# Coding Applications in Medicine: Data Science - Part 1

Module adapted from Kaggle: https://www.kaggle.com/code/mariapushkareva/medical-insurance-cost-with-linear-regression/notebook

Dataset source: https://github.com/stedy/Machine-Learning-with-R-datasets

## Introduction

Data Science is a multidisciplinary field that integrates computation, math/statistics, and domain knowledge to understand the world and solve problems. 

The data science lifecycle consists of:
1. Question/problem formulation
2. Data acquisition and cleaning
3. Exploratory data analysis and visualization
4. Prediction and inference

In this notebook, we will explore a sample data on medical insurance and practice handling data using Pandas.

In [None]:
import pandas as pd

## Pandas Basics 

After obtaining the data, the first step is to read the data into the Python notebook. We will use the Pandas data structure to store our data and use it for further analysis.

In [None]:
# Read the csv file into a Pandas data frame
insuranceDF= pd.read_csv('data/insurance.csv')
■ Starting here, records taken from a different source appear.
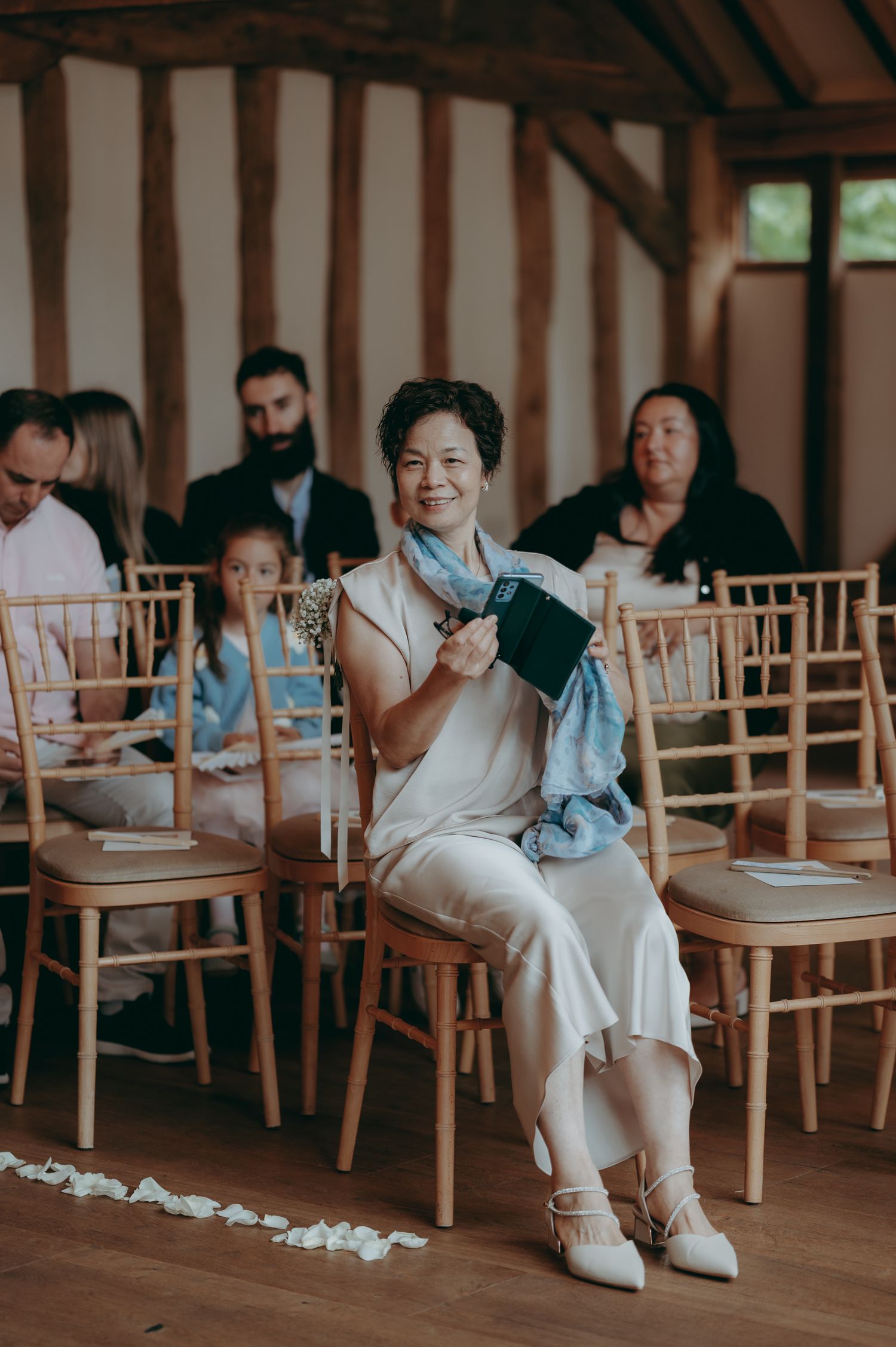 Elegant woman in white dress holding a book at a wedding ceremony in a rustic barn venue.
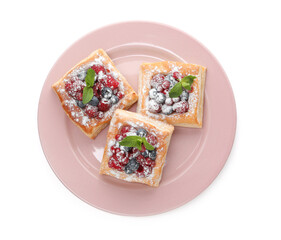 Tasty puff pastries with berries, powdered sugar and mint isolated on white, top view
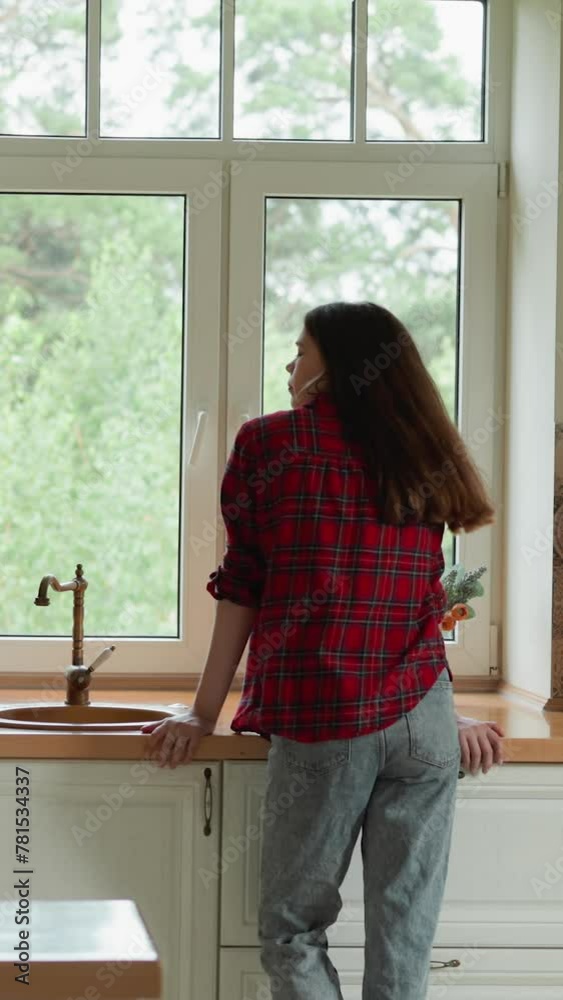 Broken woman leans on countertop in kitchen. Sorrowful lady shakes hair and bend head down by window. Wife offended by husband cheating and lie Broken woman leans on countertop in kitchen. Sorrowful lady shakes hair and bend head down by window. Wife offended by husband cheating and lie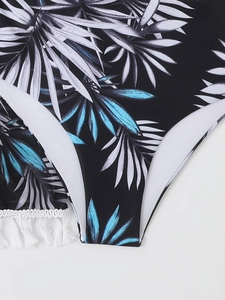 Détail d'un bikini à imprimé feuilles de palmier avec des pompons blancs décoratifs au bord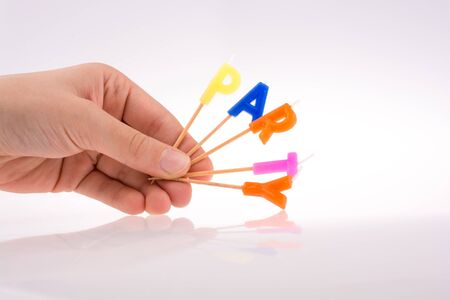 Color candles in hand on sticks write the word partyの写真素材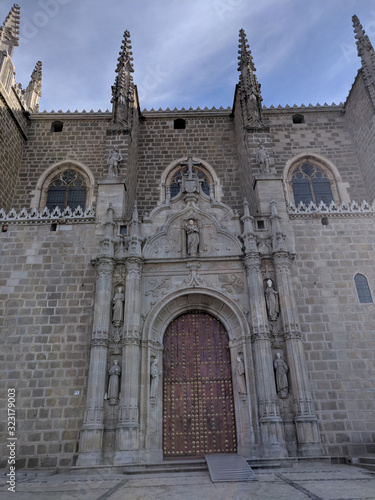 Gate of the monastery of San Juan de los Reyes, Toledo Spain photo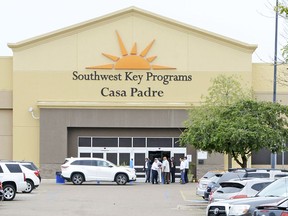 FILE - In this June 18, 2018, file photo, dignitaries take a tour of Southwest Key Programs Casa Padre, a U.S. immigration facility in Brownsville, Texas, where children are detained. When school leaders in San Benito, Texas, learned of an influx of children to a migrant shelter in town, they felt obliged to help. The superintendent reached out and agreed to send 19 bilingual teachers and hundreds of computers to make the learning environment as similar as possible to one of his schools.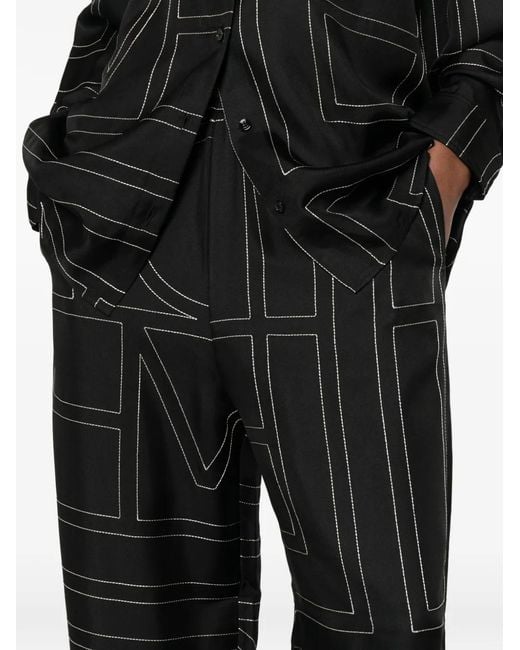 Totême Black Monogram-Print Wide-Leg Trousers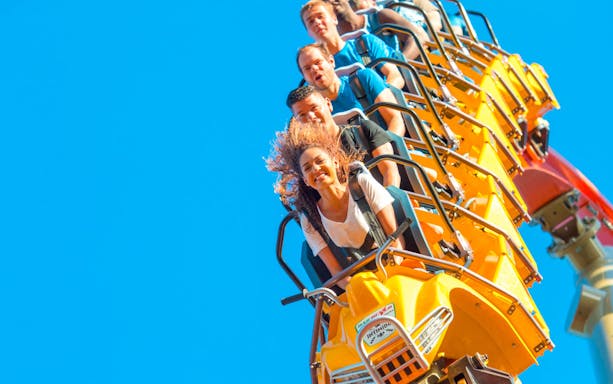 People enjoying a roller coaster ride in San Francisco with clear blue sky.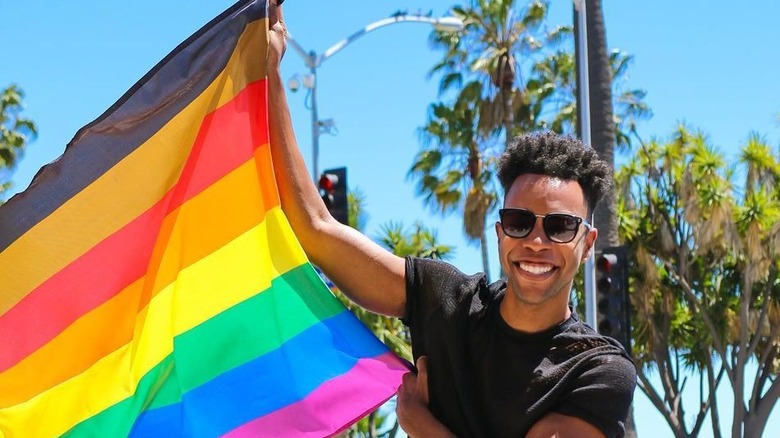 Emile Ennis Jr. waving an inclusive Pride flag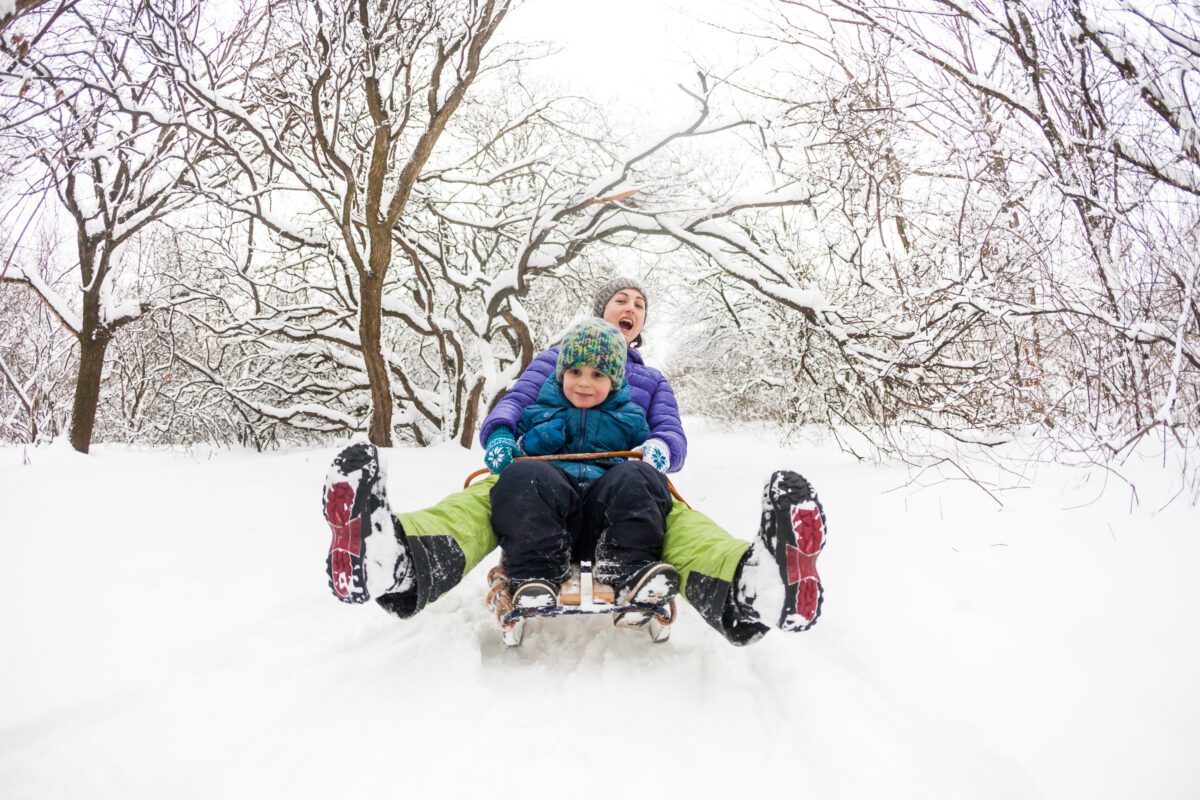 Mother and child sledding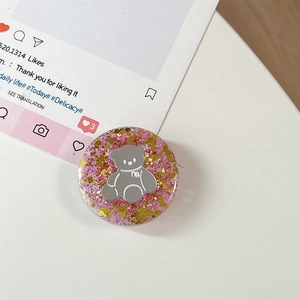 Macro-opname van ronde telefoonhouder met roze glitterbasis en een grijze beerversiering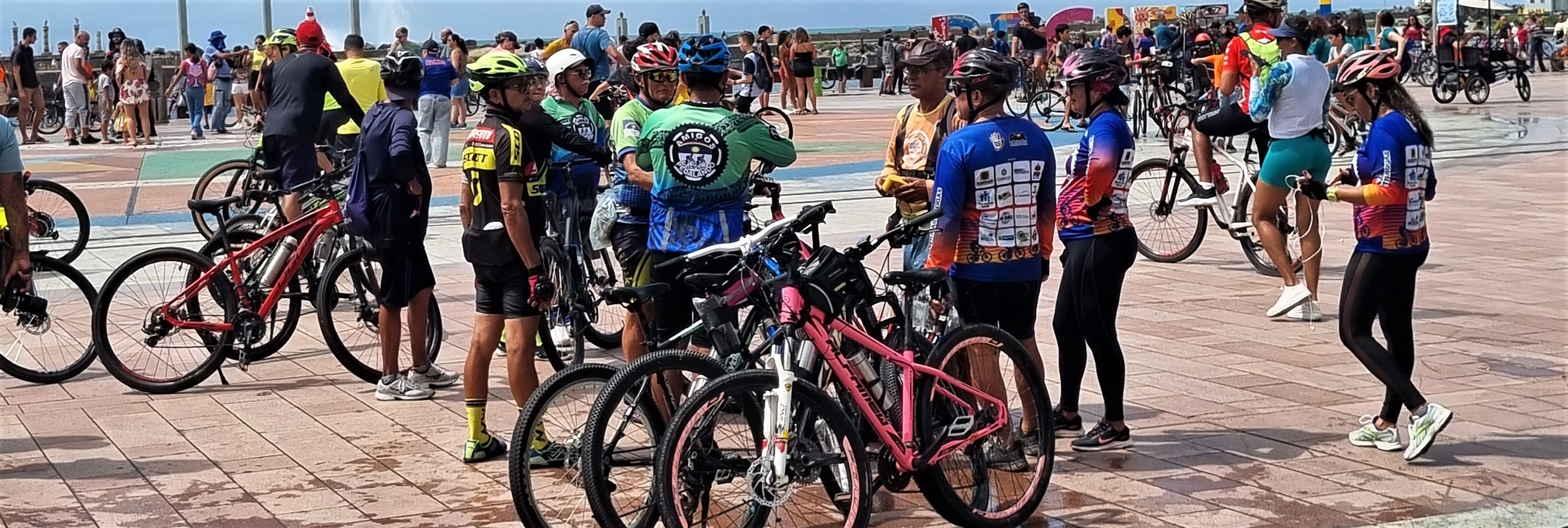 Imagens de ciclistas parados na praça do Marco Zero de Recife.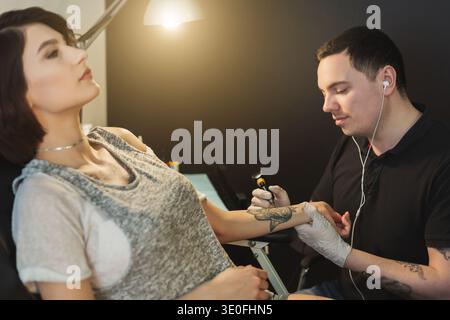 Tatuatore che lavora con ago sul braccio dei clienti Foto Stock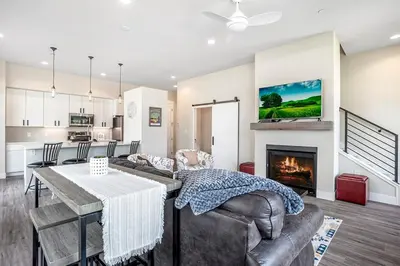 a living room with a couch and a fireplace at Cozy Downtown Condo with Jacuzzi 5 Min to Resort in Winter Park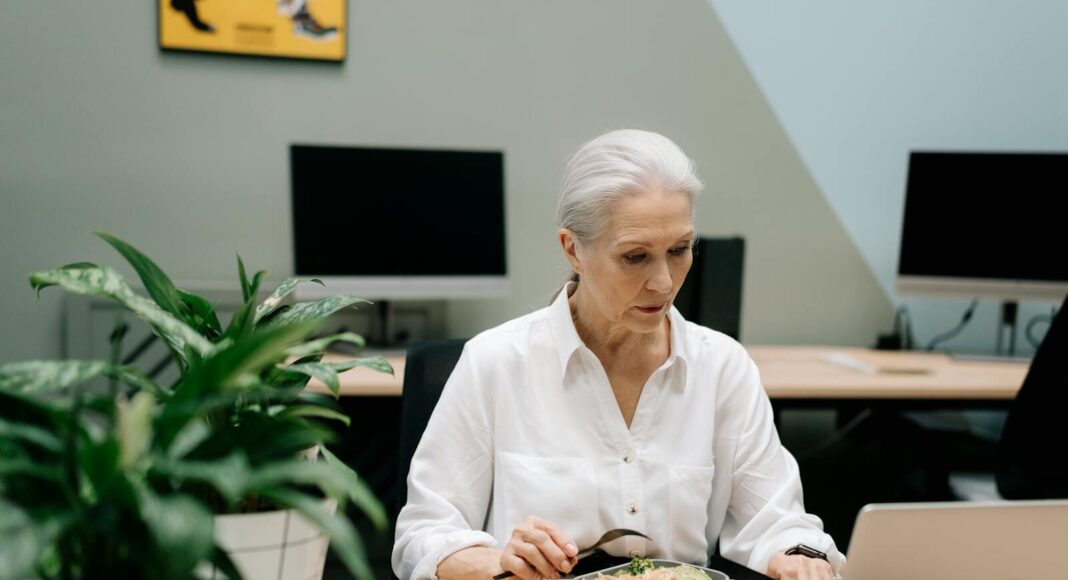 Photo by cottonbro studio An older woman multitasking with lunch and work on laptop in an office setting.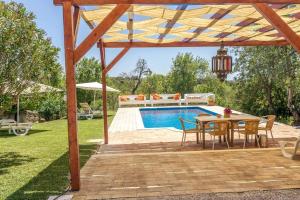 un patio con mesa y sillas junto a una piscina en Einzigartige Landhaus-Villa mit Privat-Pool, en Boliqueime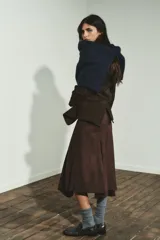 Falda midi de tiro medio con bajo asimétrico y cierre lateral con cremallera oculta. Presenta un acabado texturizado que simula el ante.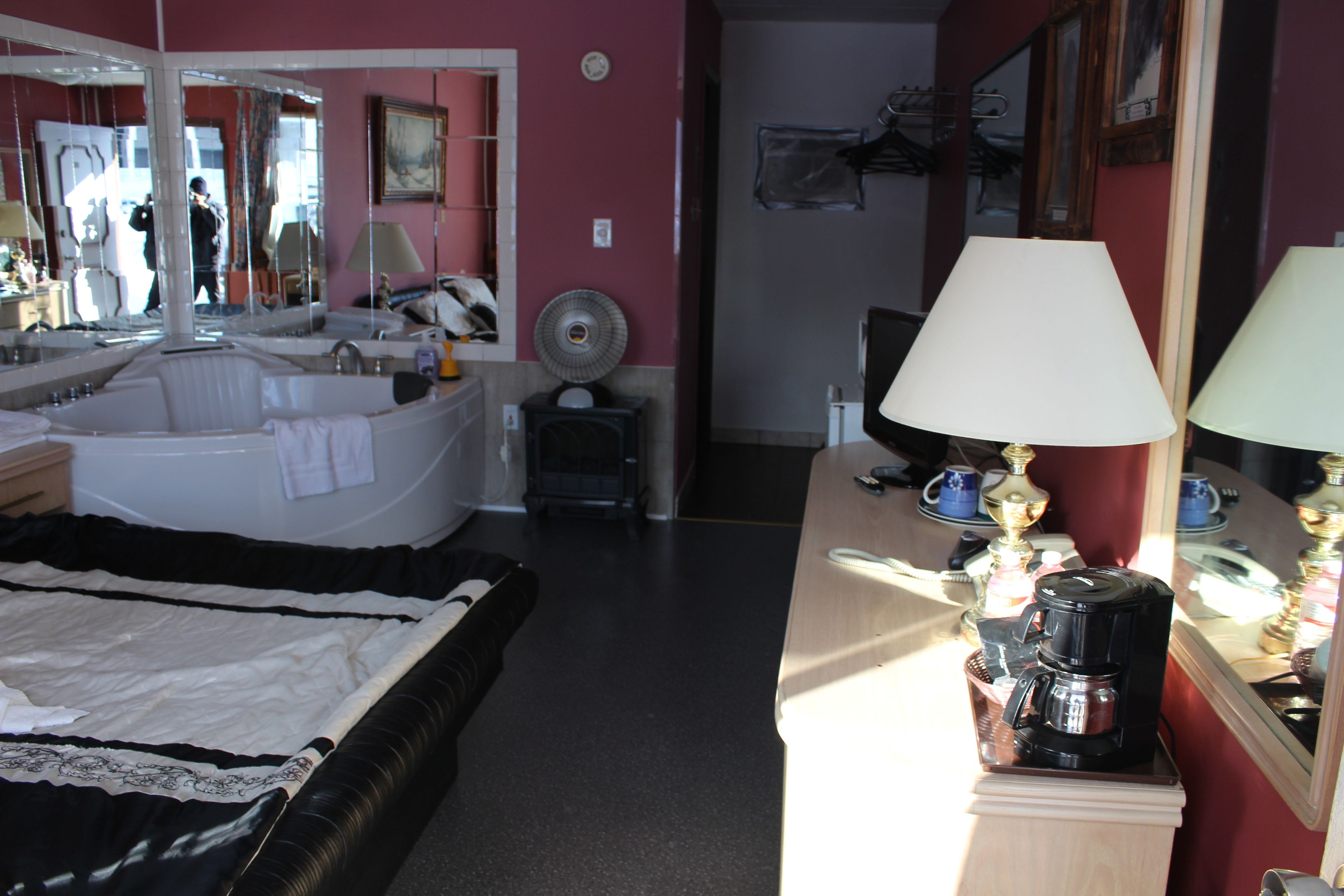 A hotel room with a large bathtub, a desk with a lamp, a coffee maker, and a mirror.
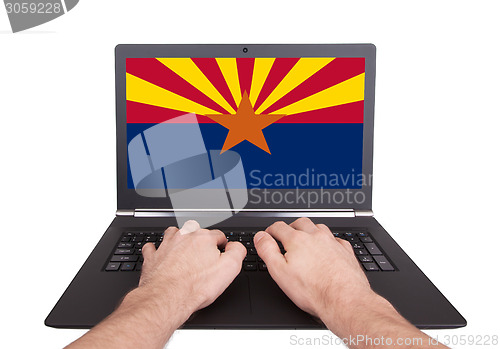 Image of Hands working on laptop, Arizona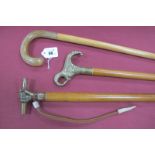 A Malaca Stick, with brass fist handle holding a baton, wrist hoop, copper ferrule, very long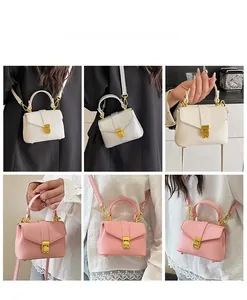 Mini lychee leather handbag detail showing white silver and pink colors with gold buckles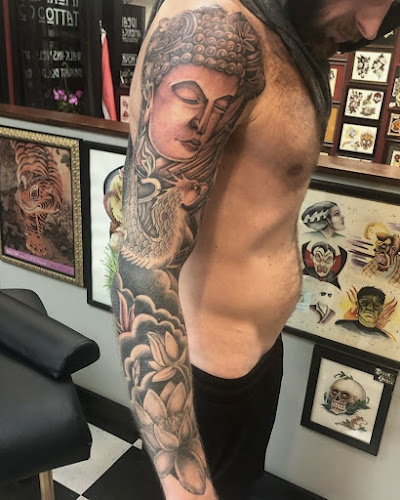 Work by Ideal Americana Tattoo Company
# Preview the dataframe (useful to double-checking your work)
insuranceDF

In [None]:
# Note: The index can be non-numerical and non-unique

# Set the "sex" column to be the index
insuranceDF.set_index("sex", inplace=True)

In [None]:
# For our usecase, we would like to keep the default index setting
insuranceDF.reset_index(inplace=True)
insuranceDF

In [None]:
# Use loc to select rows/columns by label name

# View the information for person number 5 to 10 (inclusive)
insuranceDF.loc[5:10]

In [None]:
# View only the demographic information for person number 5 to 10 (inclusive)
insuranceDF.loc[5:10, "sex":"region"]

In [None]:
# View only the sex, bmi, and smoker information for everyone
insuranceDF.loc[:, ["sex", "bmi", "smoker"]]

In [None]:
# Pandas can also use iloc to select rows/columns by number
# Note: Counting start with 0 and the end is not inclusive

# View only the sex, bmi, and smoker information for the 5th to 10th person (inclusive)
insuranceDF.iloc[4:10, [0, 2, 4]]

In [None]:
# Determine if the person is female for everyone

# Note: The [] operator is the same as the loc operator
insuranceDF["sex"] == "female" 

# This is the same as 
# insuranceDF.loc[:, "sex"] == "female"

In [None]:
# Filter out our existing dataframe to include only the first 10 smokers on the list
insuranceDF.loc[insuranceDF["smoker"] == "yes"].head(10)

# This is the same as
# insuranceDF.loc[insuranceDF["smoker"] == "yes"].iloc[:10]

In [None]:
# Statistics that is reported by default for dataframes
insuranceDF.describe()

In [None]:
# Statistics that is reported by default for series (numerical)
insuranceDF["bmi"].describe()

In [None]:
# Statistics that is reported by default for series (non-numerical)
insuranceDF["smoker"].describe()

In [None]:
# Obtain the demographics of the 10 people with the lowest insurance charges
insuranceDF.sort_values("charges", ascending=True).head(10)

In [None]:
# Add a column named "parent" that determines whether a given person is a parent given the number of children they have.

def isParent(children):
    if children > 0:
        return "yes"
    else:
        return "no"

insuranceDF["parent"] = insuranceDF["children"].apply(isParent)
insuranceDF

In [None]:
# Drop the newly created "parent" column
insuranceDF = insuranceDF.drop("parent", axis="columns")
insuranceDF

In [None]:
# Group all the people by region, aggregate by median value
insuranceDF.groupby("region").agg('median')

In [None]:
# Keep only regions where the mean BMI is greater than 30

def isHighMeanBMI(df):
    return df['bmi'].mean() > 30

insuranceDF.groupby("region").filter(isHighMeanBMI)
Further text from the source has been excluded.